Motion Picture Weaving Project
My earlier assessment asserted that by making sculptural objects from collaged strips of 35 mm films he was freezing the music of montage in order to allow his keen eye to properly gauge the aesthetics of the dream state that cinema induces. In this current carefully assembled selection of sophisticated mixed media works, alluringly titled Drawing From Photographs, Kerr has taken us even deeper into the almost atavistic realm of images. His presentation also has the feeling of a curated exhibition culled from the long term domain of his personal commitment to a dynamic forward flow that he identifies by the astute creative formula: look, make, learn, teach. In these works he calibrates the poetics of stillness, another kind of induced dream altogether: a motionless reverie, or daydream. But the immediately discernible fabula he unleashes is still blissfully laden with a certain rhythmic structure, an almost narrative but stationary montage that tells a story through deft juxtaposition. And we listen with our eyes alone.
Field Trip, Saskatchewan, 1990
Kerr’s new publication convinces me even more that there is a cogent force of visual music behind his work. Cadence is the beat, time and measure of rhythmic motion, and in this case the regular rise and fall of visual soundwaves. From the moment I opened the first section in the book’s sequence, “Field Trip, 1988-1992”, I felt I was following the forward motion of a story told in diptych forms, with each pair adding to the previous and proceeding one, while also being engaged in an almost but not quite entirely aleatory balance in the two-page spreads that harken back to the call and response mode in blues and gospel music. Meanwhile cascade, another intriguing term that sprang to mind as I was traversing his river of images, has a double meaning which can further illuminate Kerr’s gentle brand of visual alchemy. It references, first, anything that resembles a waterfall, especially in seeming to flow in abundance. And secondly, even more arcane, cascade is a way to maximize the resource efficiency through a double use of raw materials, specifically of material use in the first step and energy use in the second.
Washington DC, 1992
To clarify this slightly obscure terminology somewhat: his first key raw material is his source photographs, whether his own or otherwise found, thus ‘drawing from photographs’. His second maximal utility is his harnessing of the energy content that comes to life via montage, repetition, sequence, and every other kind of visual irony he employs to explore any given subject matter and theme. “Arizona Drive By, 1992” and “Flag Study, 2002” have a similar road trip journal kind of feeling that also builds through the architecture of assemblage and movement. All three of these sections resonate, in the most powerfully creative way, with the historical works of Robert Frank, Larry Fink, Joel Meyerowitz, Elliott Erwitt and to some extent, Garry Winogrand. With quite a few important provisos. Being well aware of how distasteful it is for artists to feel that they’re are being compared to each other, I hasten to point out that this is, far from comparative, merely the recognition of an important shared spiritual frequency or vibrational wavelength.

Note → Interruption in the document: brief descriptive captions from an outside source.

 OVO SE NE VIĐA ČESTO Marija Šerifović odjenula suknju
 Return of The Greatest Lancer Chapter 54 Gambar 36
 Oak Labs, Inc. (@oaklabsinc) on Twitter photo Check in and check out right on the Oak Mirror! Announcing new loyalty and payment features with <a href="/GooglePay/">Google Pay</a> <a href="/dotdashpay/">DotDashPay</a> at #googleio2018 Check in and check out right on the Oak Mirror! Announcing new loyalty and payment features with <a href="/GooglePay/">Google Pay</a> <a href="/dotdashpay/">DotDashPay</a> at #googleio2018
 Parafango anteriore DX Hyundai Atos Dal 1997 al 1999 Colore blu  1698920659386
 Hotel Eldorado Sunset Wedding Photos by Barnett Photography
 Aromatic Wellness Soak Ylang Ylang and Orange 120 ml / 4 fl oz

This is where the cadence and cascade elements come strongly to the forefront. “Demi Monde, 2003” has herein been ably explicated by Stephen Broomer in a manner requiring no more additives from me. His take is a superlative exploration of Kerr’s working methods and aesthetic mode of operations, and in assessment is practically a primer on the politics of the Kerr image-making machine and the democracy of its shared feeding frenzy. This leaves me free to concentrate on those other salient ingredients in Kerr’s oeuvre (we definitely both enjoy surrendering to our image-fetish with a celebratory abandon) by noting that my favourite thematic sections in the book, “Wholly Holy, 2017”, “Work With Paint, 2017-2024” and “Photography With Text, 1982-2023” each lands a beautiful blow to the chin of what French semiotician Roland Barthes once called the “empire of signs”: interpreting the meaning-making structures of signification.
A sign, we should remember, is anything that communicates intentional or unintentional meanings and feelings to the sign’s interpreter. Also to be remembered: often the greatest meanings are those precious unintentional ones. Indeed, as Sax emphasizes, a digital artistic encounter is not quite the same as a real haptic experience of a physical object, no matter how fanciful it might become. As Sax put it so succinctly: “Humans have genuine social needs and if those needs aren’t met, we will actually perish. For the past few years we have overdosed on digital. Now, we’re reckoning with an epic hangover. We face a choice, strap on our headsets, double down, and plunge deeper into the metaverse. Or step back, reconnect to our bodies and the world and find a way to build a more human future.” It is abundantly clear how we got to where we are and why we need to actively appreciate more cogently what the analog domain really was, and still is, rather than pompously imagining it as something antique to be left behind. Kerr demonstrates to us how the past is prologue.
Something also inherently touch-oriented in Kerr’s works reminds us that we ourselves are still analog, despite the latest technics and tools we’ve devised or inherited, and diversely conceived and executed art such as his is almost mnemonic in nature, being parallel to our heightened senses. Thus they relate to and use signals represented by a continuously changing physical quality such as spatial position within a highly variable analog process, one based on haptic sensations of continuity and flow. “In Alphabetical Order, 2012”, with its verging on pop presentation, and “3:2 Aspect Ratio, 2024” with its multiple repurposing of the mount format, celebrate the quotidian perspective of near and far, far and wide. Kerr’s work, as demonstrated via the thematic sections he has chosen for his book, travels far and wide in a splendid tapestry of shivery smiles woven from the nature of several overlapping things: memory, wonderment and enchantment.
Ultimately, the pieces illustrated in this book are embodied meanings: they are symbols only of themselves. Drawing From Photographs is also a kind of living archive of sorts, collecting nearly four decades of one artist’s reflections on what it means to look at looking, to think by making, and to learn through teaching. My personal favourite among his elegant sign-processes might be Kerr’s “IMAX Sculpture, 2020”, from the “Photography to Collage, 1997-2024” section, which with its hand-treated acrylic-frames, magnetics and fragments of Imax 65 mm film strips operating in a variable scale and site format, is a modular montage sculpture perhaps closest to his stylistically parallel “Motion Picture Weaving Project.” For me, this piece is a veritable altar for the secular worship of images, rendering them as truly 21rst Century sacred icons.
IMAX Sculpture, 2020
I hope this piece is somehow preserved and spared any potential upcoming apocalyptic event, so that future civilizations engaged in archaeological digs might unearth it an attempt to submit it to the sort of interpretive decoding exercises that the Rosetta Stone underwent. Better yet, I wish it, among a few other Kerr works, had been placed in Voyager I and sent spinning off to the edges of our vast galaxy, to be discovered by a species of being for whom we are the aliens, not them. I’d like them to be able to contemplate for themselves our great and primitive passion for images. Since that vessel is now some fifteen billion miles away and still traveling, I’ll simply have to savor this notion as a private reverie I suppose. But it’s still a tasty one. And so is this book.
“In painting the form arises from abstract elements of line and colour, while in cinema the material concreteness of the image as an element within the frame presents the greatest difficulty in manipulation. This is the meaning of montage.”